While we wait for governments and big business to take the necessary big initiatives on climate change and sustainability that are really going to move us forward in this worrying area, some small businesses are just getting on with it.
Add them all up, and the significance of these individual actions is still tiny. But they provide real working examples, to encourage their neighbours and people in the same business, and very possibly draw in new custom through the publicity they generate. A good example is The Bay Fish and Chips (see their blog for Climate Week) and they provide a good positive story.
Bay Fish and Chips is a new business (started in 2008) in the seaside town of Stonehaven in Aberdeenshire. The premises are now powered with energy from 100% renewable sources, supplied by Good Energy, and they have just received the highest (three star) rating from the Sustainable Restaurant Association (SRA), of which Bay is a member. It also scored 100% in SRA’s sustainability rating survey.
Bay sources its fish “from renewable sources.” The fish to buy there is haddock. It says it is the first chippy in the UK “to gain MSC chain of custody to sell Scottish north sea haddock on our menu. This mean all our haddock products are traceable from sea to plate and we keep full records of this and they can be produced at any time if required.”
They cannot quite say the same for other fish, but they do say this: “We are at the forefront of seeking and using fully sustainable and traceable fish on our menu.”
Other produce is sourced within a 50-mile radius, “wherever possible,” to reduce food miles and support the local economy. “All of our waste oil in the shop is collected and recycled into bio diesel and we have recently started recycling our food waste and have teamed up with a local recycling firm which transforms food waste into compost, reducing the amount of waste going to landfill.”
The company cannot generate its own power. So instead it signed up with Good Energy (the UK’s only 100% renewable electricity supplier) which guarantees that the energy it uses comes from 100% renewable sources.
The Sustainable Restaurant Association, launched in March 2010, is a not for profit membership organisation (restaurants join as members) “helping restaurants become more sustainable and diners make more sustainable choices when dining out.

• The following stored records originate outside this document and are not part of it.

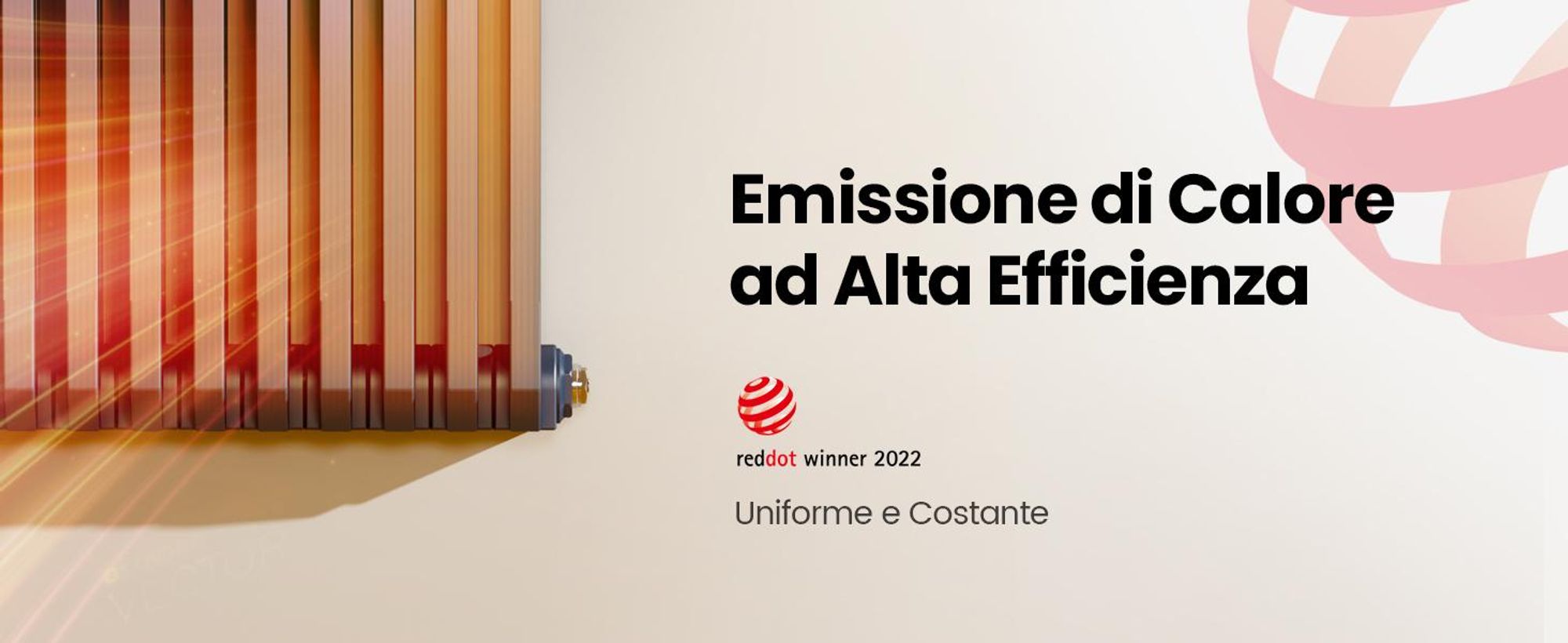 Radiatore di design EMKE a forma di D 1800x348mm 1611W Vincitore del Red Dot Award antracite - installazione verticale, per 21,5 m², bagno e soggiorno senza elemento riscaldante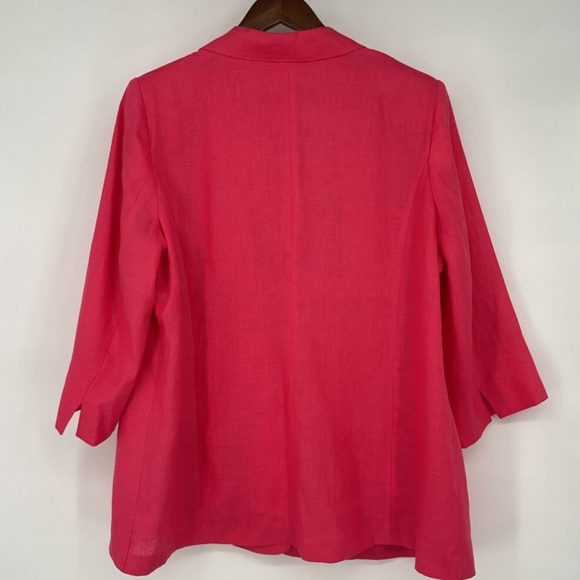 Marina Rinaldi Caterina Linen Blazer Suit 3/4 Sleeve Half Lined Hot Pink Altered - Picture 3 of 6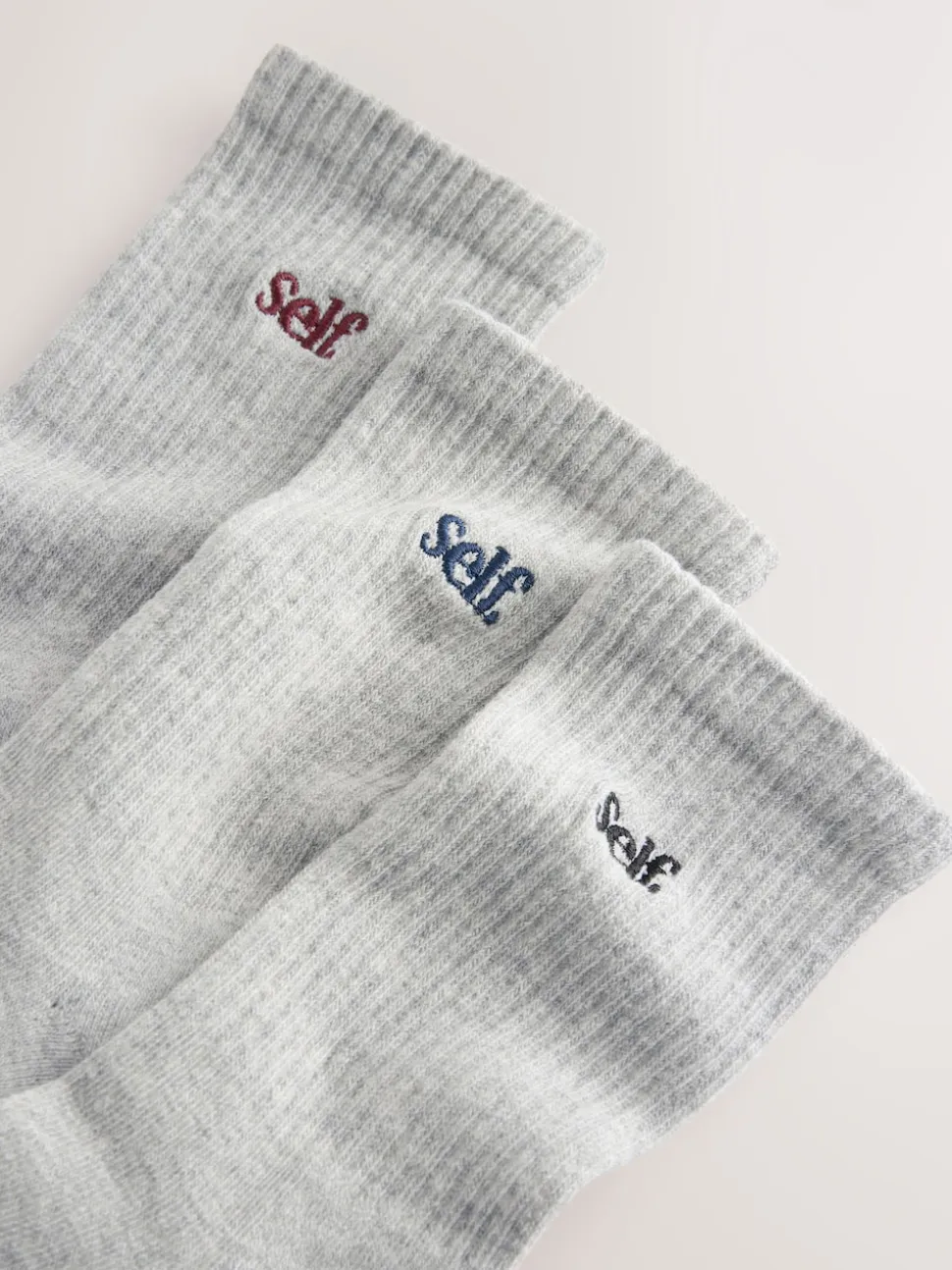 Gris / Marine / Berry - Self. Chaussettes de cheville Cushion Sole Lounge 3 Pack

We help our member restaurants source food more sustainably, manage resources more efficiently and work more closely with their community.”
This isn’t saying there are not equally environmentally committed restaurants in your neighbourhood. It’s just that it’s easier to find them when they’re listed by an association such as this.
So are we any better off after Climate Week? Probably, in the sense that there are a few more good examples we now know about, such as Bay Fish and Chips, out there. Other businesses have models to follow, and we have a few more places where we might find it easier to eat sustainably sourced food. So we’ve inched forward a bit on a landscape of formidable problems. Small progress, but it’s progress.